La pequeña enfermera se retiró y Cynthia cogió un frasco del estante, llenó la botella y la colocó en la mesa.
Me reí.
—¿Manteniendo la disciplina?
—Eso es. Venga al balcón. Desde allí se ven todos los pabellones.
Seguí a Cynthia y a su amigo, quienes me señalaron las diferentes salas. Lawrence se quedó atrás, pero al cabo de unos segundos Cynthia se volvió y le dijo que se reuniera con nosotros. Entonces miró su reloj de pulsera.
—¿No nos queda nada que hacer, Nibs?
—No.
—Muy bien. Entonces cerraremos y nos vamos.

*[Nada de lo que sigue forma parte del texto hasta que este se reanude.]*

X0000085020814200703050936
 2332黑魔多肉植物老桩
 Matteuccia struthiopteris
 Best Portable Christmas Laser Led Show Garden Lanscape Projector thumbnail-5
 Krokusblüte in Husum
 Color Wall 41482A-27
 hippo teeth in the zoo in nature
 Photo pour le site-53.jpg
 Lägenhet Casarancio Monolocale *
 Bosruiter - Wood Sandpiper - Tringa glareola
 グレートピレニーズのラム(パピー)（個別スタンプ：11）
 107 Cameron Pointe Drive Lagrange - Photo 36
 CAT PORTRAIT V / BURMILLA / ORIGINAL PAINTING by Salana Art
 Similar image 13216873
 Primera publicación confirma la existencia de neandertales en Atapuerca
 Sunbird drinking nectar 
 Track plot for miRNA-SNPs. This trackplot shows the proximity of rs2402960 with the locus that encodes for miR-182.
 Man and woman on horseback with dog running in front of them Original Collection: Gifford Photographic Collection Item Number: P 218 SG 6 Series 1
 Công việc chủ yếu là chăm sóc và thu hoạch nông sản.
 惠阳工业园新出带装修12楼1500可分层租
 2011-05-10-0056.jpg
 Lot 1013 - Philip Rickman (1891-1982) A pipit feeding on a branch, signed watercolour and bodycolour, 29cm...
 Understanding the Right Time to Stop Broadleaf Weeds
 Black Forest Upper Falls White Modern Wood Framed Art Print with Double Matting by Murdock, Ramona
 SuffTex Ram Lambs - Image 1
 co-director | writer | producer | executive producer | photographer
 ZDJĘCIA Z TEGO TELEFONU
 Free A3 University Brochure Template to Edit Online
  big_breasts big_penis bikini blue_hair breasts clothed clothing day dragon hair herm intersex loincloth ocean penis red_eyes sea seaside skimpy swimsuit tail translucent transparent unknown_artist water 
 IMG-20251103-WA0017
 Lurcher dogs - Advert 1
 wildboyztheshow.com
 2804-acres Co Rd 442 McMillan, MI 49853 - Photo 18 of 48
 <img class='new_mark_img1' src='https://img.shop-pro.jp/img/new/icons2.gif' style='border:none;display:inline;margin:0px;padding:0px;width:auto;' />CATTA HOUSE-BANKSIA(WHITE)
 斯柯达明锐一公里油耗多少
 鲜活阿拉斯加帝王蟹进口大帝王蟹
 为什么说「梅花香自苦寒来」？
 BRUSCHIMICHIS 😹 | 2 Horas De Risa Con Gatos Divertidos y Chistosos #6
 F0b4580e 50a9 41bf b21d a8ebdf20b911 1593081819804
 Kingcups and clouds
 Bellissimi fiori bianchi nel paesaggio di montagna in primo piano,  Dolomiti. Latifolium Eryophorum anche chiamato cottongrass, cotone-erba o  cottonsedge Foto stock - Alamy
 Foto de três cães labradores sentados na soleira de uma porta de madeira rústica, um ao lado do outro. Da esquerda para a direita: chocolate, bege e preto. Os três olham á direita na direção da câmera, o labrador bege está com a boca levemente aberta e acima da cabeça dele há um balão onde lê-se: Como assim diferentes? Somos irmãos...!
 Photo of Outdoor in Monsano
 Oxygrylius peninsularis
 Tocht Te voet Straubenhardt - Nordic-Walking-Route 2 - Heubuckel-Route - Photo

Aquella tarde había visto a Lawrence bajo un aspecto totalmente distinto. Comparado con John, era extraordinariamente difícil llegar a conocerlo. Era opuesto a su hermano en casi todo. Sin embargo, había cierto encanto en su modo de ser y me pareció que, conociéndolo bien, podría tomársele gran afecto. Por regla general, su actitud respecto a Cynthia era algo cohibida, y ella, por su parte, se sentía tímida en su presencia. Pero aquella tarde estaban los dos muy alegres y charlaban como un par de chiquillos.